» ASSIGNMENT
Without any pictures, print the lines below from the one that has "小花柄(猫②) | デジタルペーパー(シームレスパターン)" through the one that has "EWL-technieker bij een", exactly and nothing else.

(Beginning of DATA SUPPLIED)

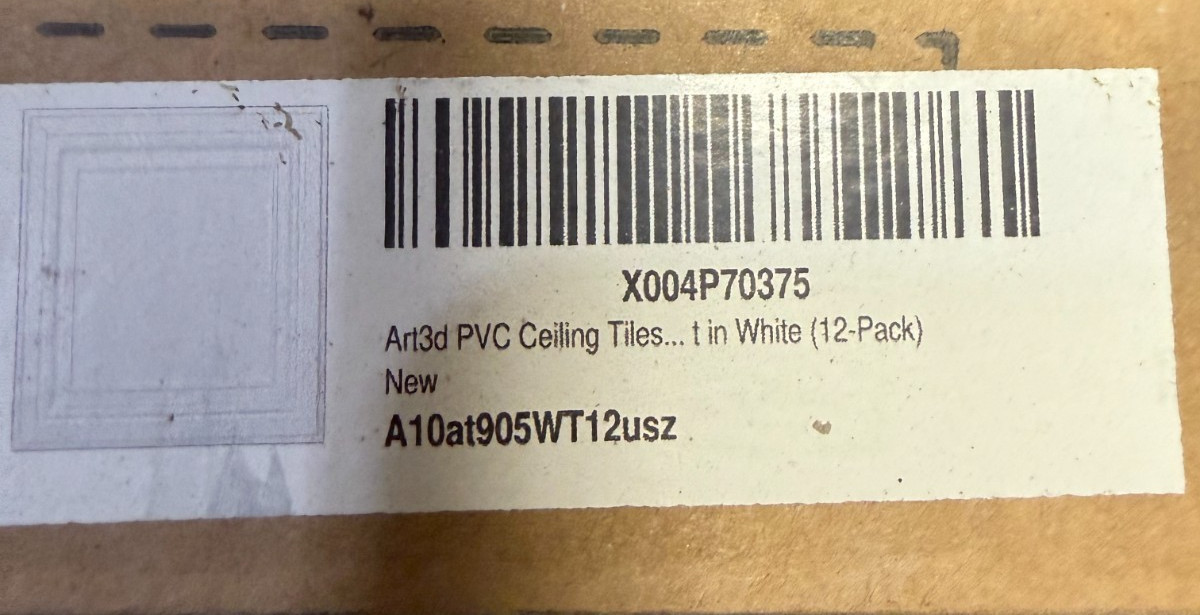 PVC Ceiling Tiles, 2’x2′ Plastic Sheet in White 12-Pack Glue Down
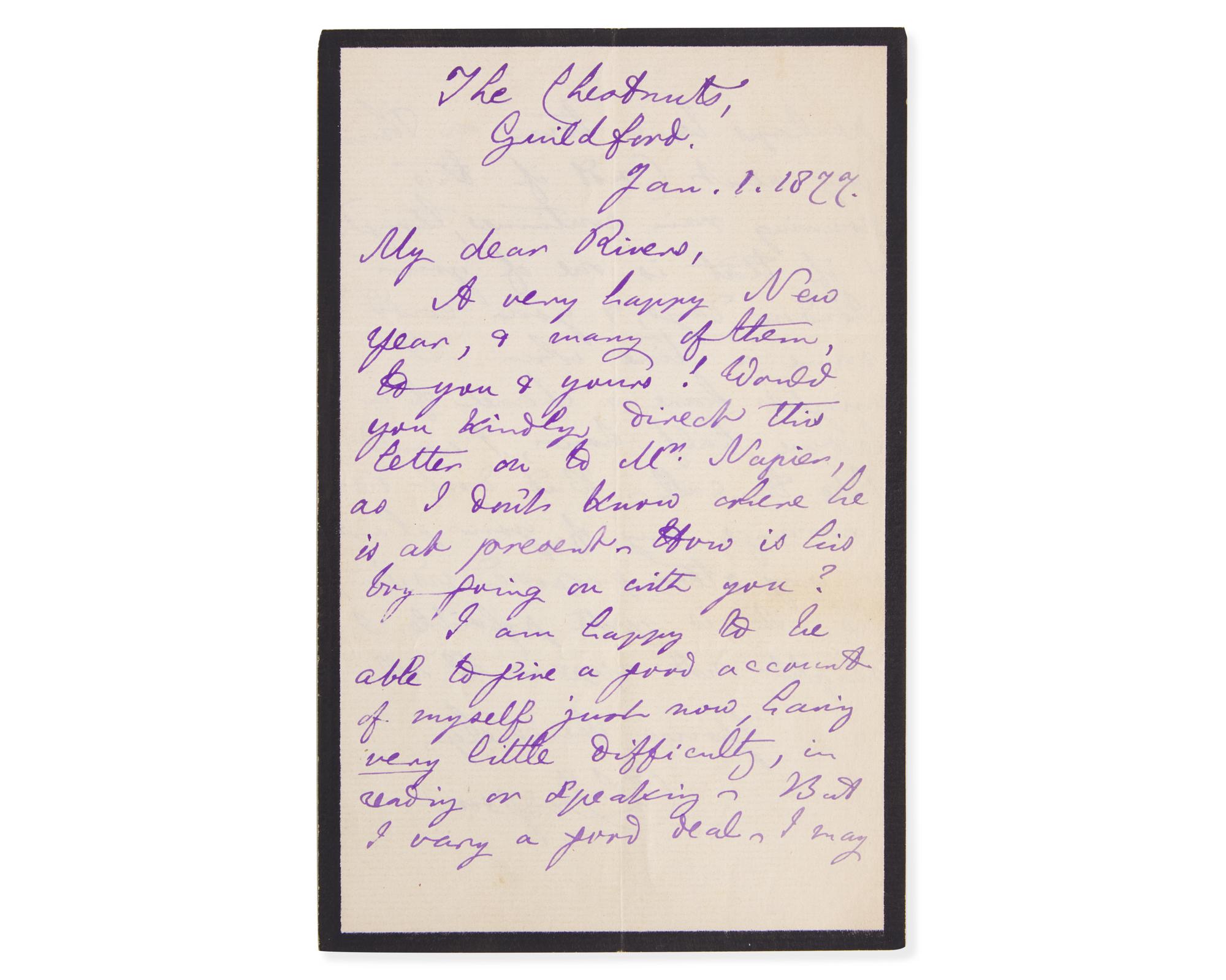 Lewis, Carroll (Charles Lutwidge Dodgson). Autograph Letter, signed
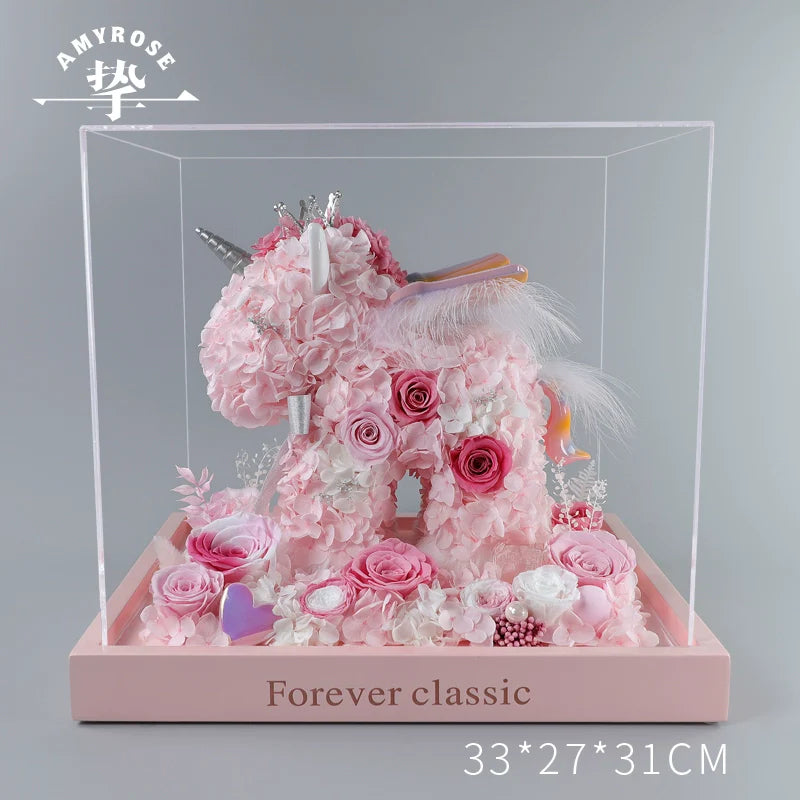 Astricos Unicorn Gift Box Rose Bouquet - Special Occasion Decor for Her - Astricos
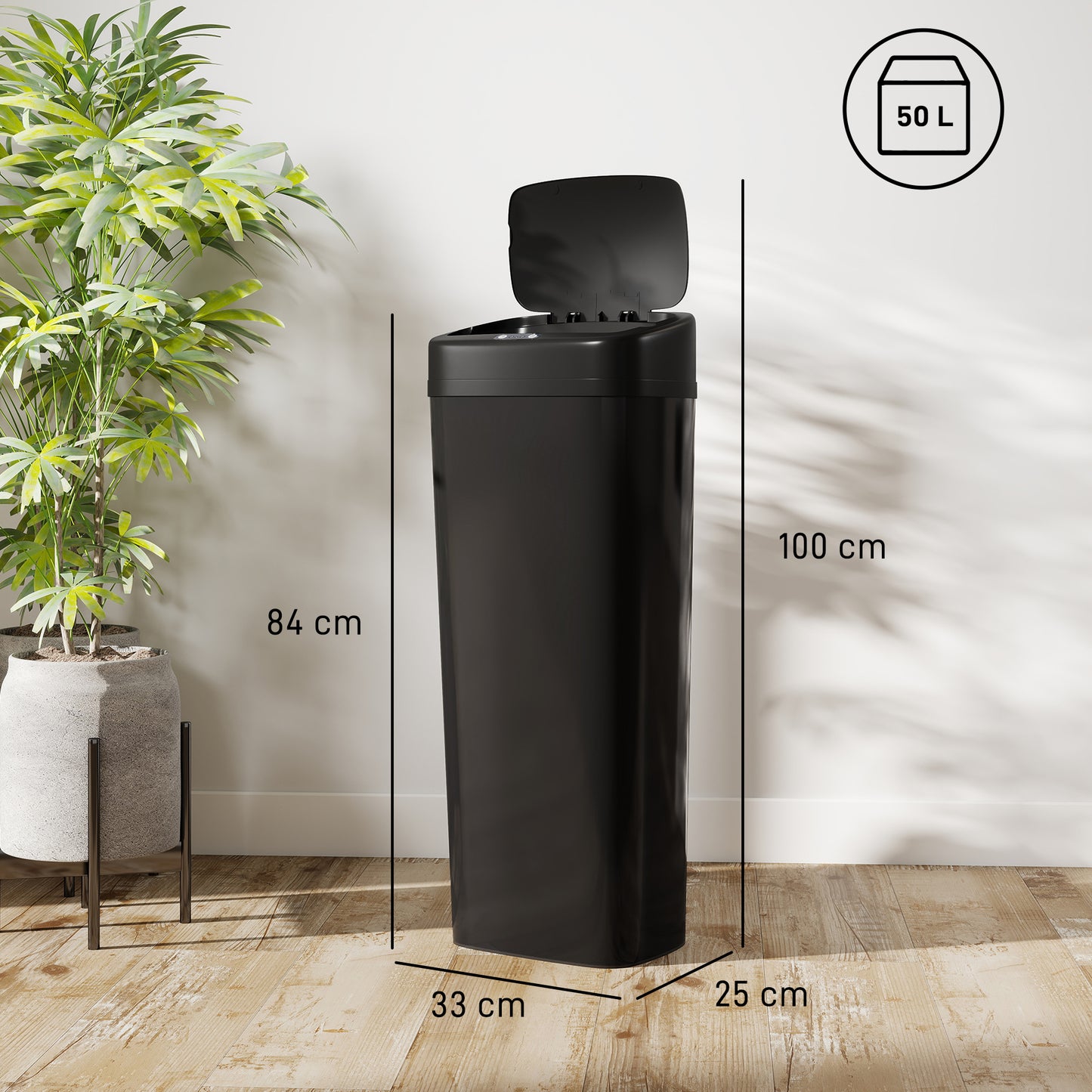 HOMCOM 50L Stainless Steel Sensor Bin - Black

(End of DATA SUPPLIED)
(Beginning of DATA SUPPLIED)

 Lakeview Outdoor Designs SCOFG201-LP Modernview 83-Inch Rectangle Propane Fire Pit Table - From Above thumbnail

(End of DATA SUPPLIED)
(Beginning of DATA SUPPLIED)

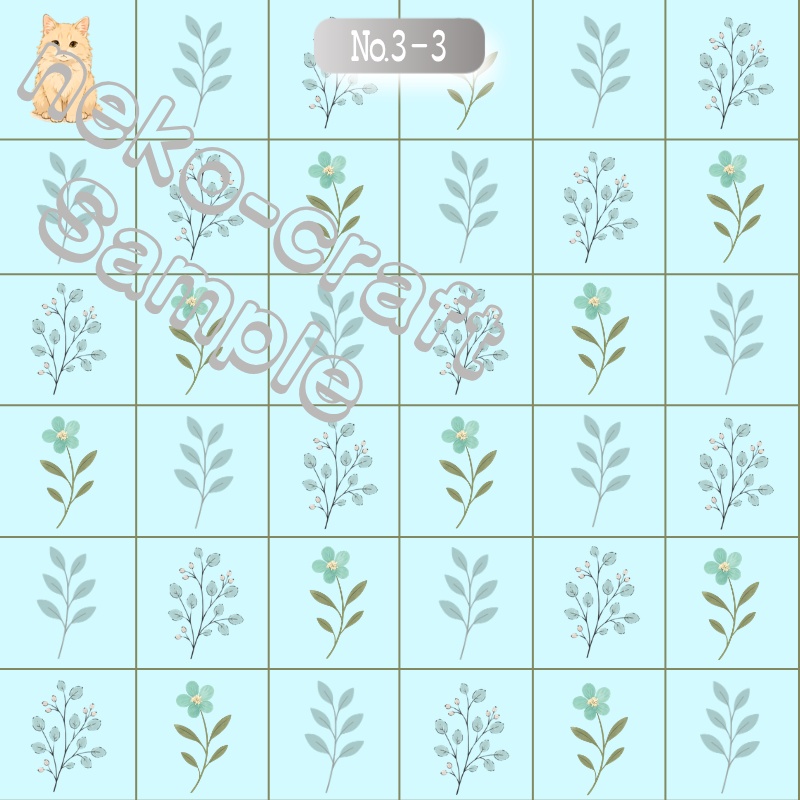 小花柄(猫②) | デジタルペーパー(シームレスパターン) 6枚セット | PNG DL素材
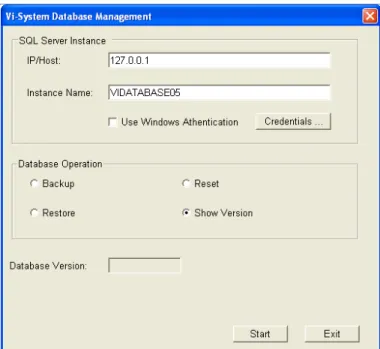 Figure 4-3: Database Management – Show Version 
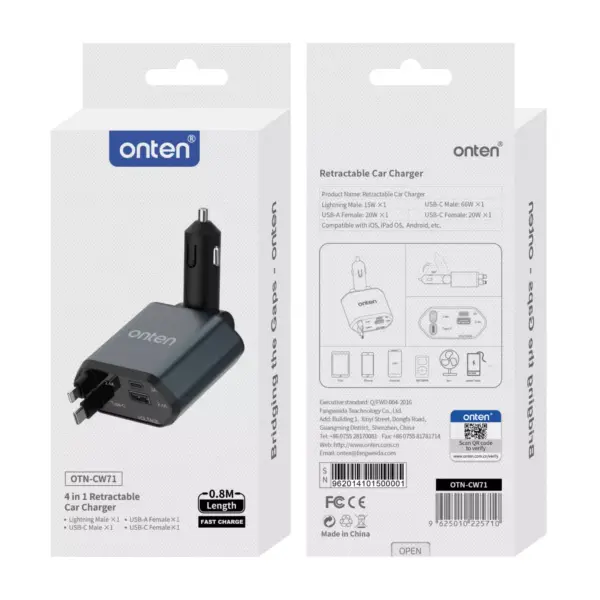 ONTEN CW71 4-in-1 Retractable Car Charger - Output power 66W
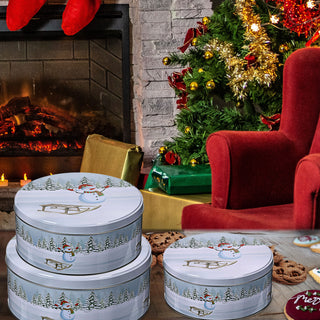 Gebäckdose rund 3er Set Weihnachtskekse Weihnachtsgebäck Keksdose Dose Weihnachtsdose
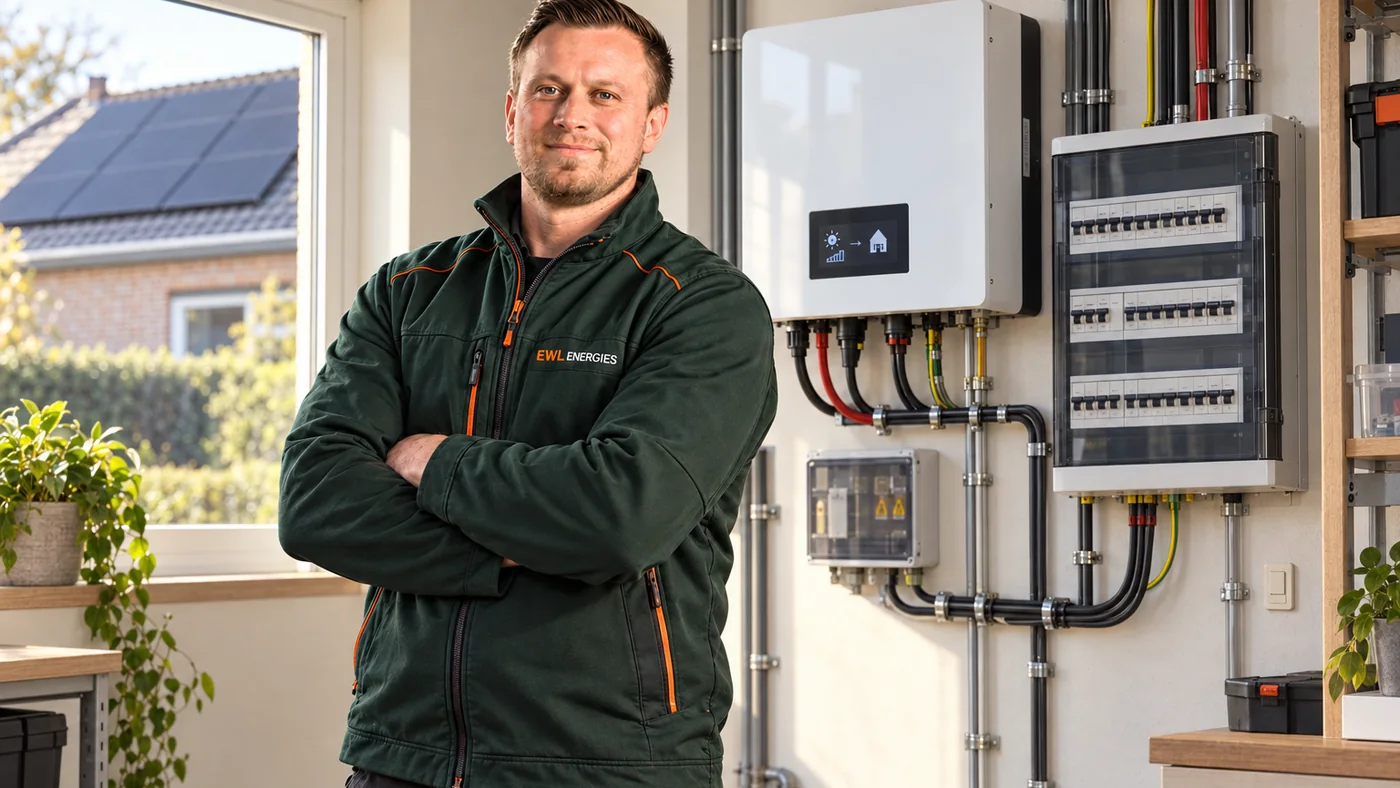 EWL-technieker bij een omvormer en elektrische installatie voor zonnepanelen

(End of DATA SUPPLIED)

» ANSWER SPACE
 小花柄(猫②) | デジタルペーパー(シームレスパターン) 6枚セット | PNG DL素材
 Figure 4-3: Database Management – Show Version 
 ONTEN CW71 4-in-1 Retractable Car Charger - Output power 66W
 Gebäckdose rund 3er Set Weihnachtskekse Weihnachtsgebäck Keksdose Dose Weihnachtsdose
 EWL-technieker bij een omvormer en elektrische installatie voor zonnepanelen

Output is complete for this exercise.